Fire whooshed up into the chimney and Indrajit scrambled down the shaft.
If the Silksteppers had anyone positioned at a high point outside the kitchen, they might simply have watched Indrajit set the fire. And if anyone in the embassy knew about the shaft down, they might realize that the fire in the fireplace was a screen to hide the Protagonists’ flight. But if neither of those things was true, then maybe Indrajit had bought himself and his friends some time.
The interior of the shaft was initially rocky and irregular, but then become a smoothly structured wall resembling vertical steps or a ladder. Alternating rows of bricks jutted out or were set back deeper into the wall, giving very comfortable hand- and footholds for descent or ascent.
Which was good, because Indrajit judged the descent to be a chain or maybe a chain and a half in length. At the bottom end, it landed inside a three-walled niche in the corner of a wedge-shaped brick chamber with a trickle of black sludge flowing across the floor.
Indrajit pointed at the sludge. “It’s good to know that all Kish’s neighborhoods have the same grimy underside.”
Fix held the lamp to the map. “I think there’s more here than written thieves’ cant,” he said. “I think there are symbols that have meaning, but there’s no legend.”
“Like, ‘water here’?” Indrajit suggested. “‘Do not drink the sludge’?”

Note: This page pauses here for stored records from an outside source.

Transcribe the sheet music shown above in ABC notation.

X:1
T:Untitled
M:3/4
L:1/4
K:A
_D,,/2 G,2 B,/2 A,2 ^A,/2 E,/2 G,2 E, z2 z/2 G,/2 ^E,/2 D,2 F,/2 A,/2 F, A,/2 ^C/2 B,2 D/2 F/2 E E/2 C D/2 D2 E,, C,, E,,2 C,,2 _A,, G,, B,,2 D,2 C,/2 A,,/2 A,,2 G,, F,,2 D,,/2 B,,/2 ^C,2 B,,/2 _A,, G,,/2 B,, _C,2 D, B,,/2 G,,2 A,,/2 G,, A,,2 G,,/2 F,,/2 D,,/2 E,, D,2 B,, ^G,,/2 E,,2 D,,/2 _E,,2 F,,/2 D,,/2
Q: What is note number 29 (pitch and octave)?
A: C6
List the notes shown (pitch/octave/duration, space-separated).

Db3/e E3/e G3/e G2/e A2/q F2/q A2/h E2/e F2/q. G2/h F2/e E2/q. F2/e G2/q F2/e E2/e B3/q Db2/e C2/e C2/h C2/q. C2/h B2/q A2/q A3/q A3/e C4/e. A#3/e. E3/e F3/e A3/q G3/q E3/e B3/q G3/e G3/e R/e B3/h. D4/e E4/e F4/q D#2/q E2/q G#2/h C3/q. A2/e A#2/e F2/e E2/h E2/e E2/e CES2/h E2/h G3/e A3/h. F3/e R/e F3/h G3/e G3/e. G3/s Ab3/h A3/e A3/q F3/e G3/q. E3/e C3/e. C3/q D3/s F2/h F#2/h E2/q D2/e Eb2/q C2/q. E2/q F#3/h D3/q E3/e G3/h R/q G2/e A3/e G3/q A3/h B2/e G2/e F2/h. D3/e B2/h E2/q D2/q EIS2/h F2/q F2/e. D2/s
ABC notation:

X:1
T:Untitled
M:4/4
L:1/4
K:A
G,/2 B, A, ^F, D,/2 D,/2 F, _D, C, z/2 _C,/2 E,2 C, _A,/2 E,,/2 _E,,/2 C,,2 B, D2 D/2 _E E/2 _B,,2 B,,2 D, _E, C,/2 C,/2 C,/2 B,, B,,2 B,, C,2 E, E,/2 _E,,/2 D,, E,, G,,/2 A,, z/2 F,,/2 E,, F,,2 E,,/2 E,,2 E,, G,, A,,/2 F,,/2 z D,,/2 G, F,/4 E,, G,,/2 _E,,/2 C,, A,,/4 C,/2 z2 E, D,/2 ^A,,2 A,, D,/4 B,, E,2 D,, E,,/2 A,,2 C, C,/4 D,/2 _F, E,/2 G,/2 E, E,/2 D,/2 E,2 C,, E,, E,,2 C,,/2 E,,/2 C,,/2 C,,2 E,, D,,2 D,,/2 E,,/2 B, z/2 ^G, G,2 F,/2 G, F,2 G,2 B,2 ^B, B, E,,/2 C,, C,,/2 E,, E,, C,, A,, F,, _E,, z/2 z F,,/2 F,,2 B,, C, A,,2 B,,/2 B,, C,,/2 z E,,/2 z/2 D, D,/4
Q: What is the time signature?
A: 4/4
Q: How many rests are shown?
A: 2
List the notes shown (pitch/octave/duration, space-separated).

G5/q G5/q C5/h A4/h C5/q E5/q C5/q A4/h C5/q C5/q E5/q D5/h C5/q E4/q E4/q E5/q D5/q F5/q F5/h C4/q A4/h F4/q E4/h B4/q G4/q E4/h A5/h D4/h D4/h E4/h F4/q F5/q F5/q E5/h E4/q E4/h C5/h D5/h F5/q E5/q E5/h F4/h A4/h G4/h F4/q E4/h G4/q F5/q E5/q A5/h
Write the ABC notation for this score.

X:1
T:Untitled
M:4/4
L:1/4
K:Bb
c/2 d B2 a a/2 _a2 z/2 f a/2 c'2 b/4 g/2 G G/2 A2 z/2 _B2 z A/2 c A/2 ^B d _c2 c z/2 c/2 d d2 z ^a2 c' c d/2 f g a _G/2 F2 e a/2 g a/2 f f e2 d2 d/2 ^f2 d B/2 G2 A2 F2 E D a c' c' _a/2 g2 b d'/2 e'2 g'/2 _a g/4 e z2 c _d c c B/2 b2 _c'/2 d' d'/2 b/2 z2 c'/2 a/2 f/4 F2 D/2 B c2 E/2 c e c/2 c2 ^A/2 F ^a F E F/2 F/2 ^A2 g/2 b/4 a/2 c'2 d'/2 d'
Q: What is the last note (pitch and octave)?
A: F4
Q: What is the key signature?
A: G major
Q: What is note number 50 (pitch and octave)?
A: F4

“Probably,” Fix agreed. “But also, I suspect that these five hashmarks are meant to give an indication of the height of the climb we just did. And the warning that there’s fire at the upper end would be necessary for a map user coming from below, to burgle the palace. You’d see the fire icon and you’d bring something to extinguish it with, or you’d fireproof yourself somehow.”
“You’re saying that the fire glyph wasn’t put there to tell someone how to find the entrance,” Indrajit said. “It was put there to warn a burglar so he could avoid burning his sandals.”
“I think so.”
“Well, take us home by the straightest road you can find,” Indrajit suggested.
“I’m taking us to the Dregs.” Fix tilted the map and looked at a different section of it. “Where there’s some writing I can’t read, but it just might be a connection to the Vin Dalu’s complex.”
“Faster,” Thomedes Tunk pleaded. He leaned against a wall, spitting trickles of dark saliva onto the brick floor.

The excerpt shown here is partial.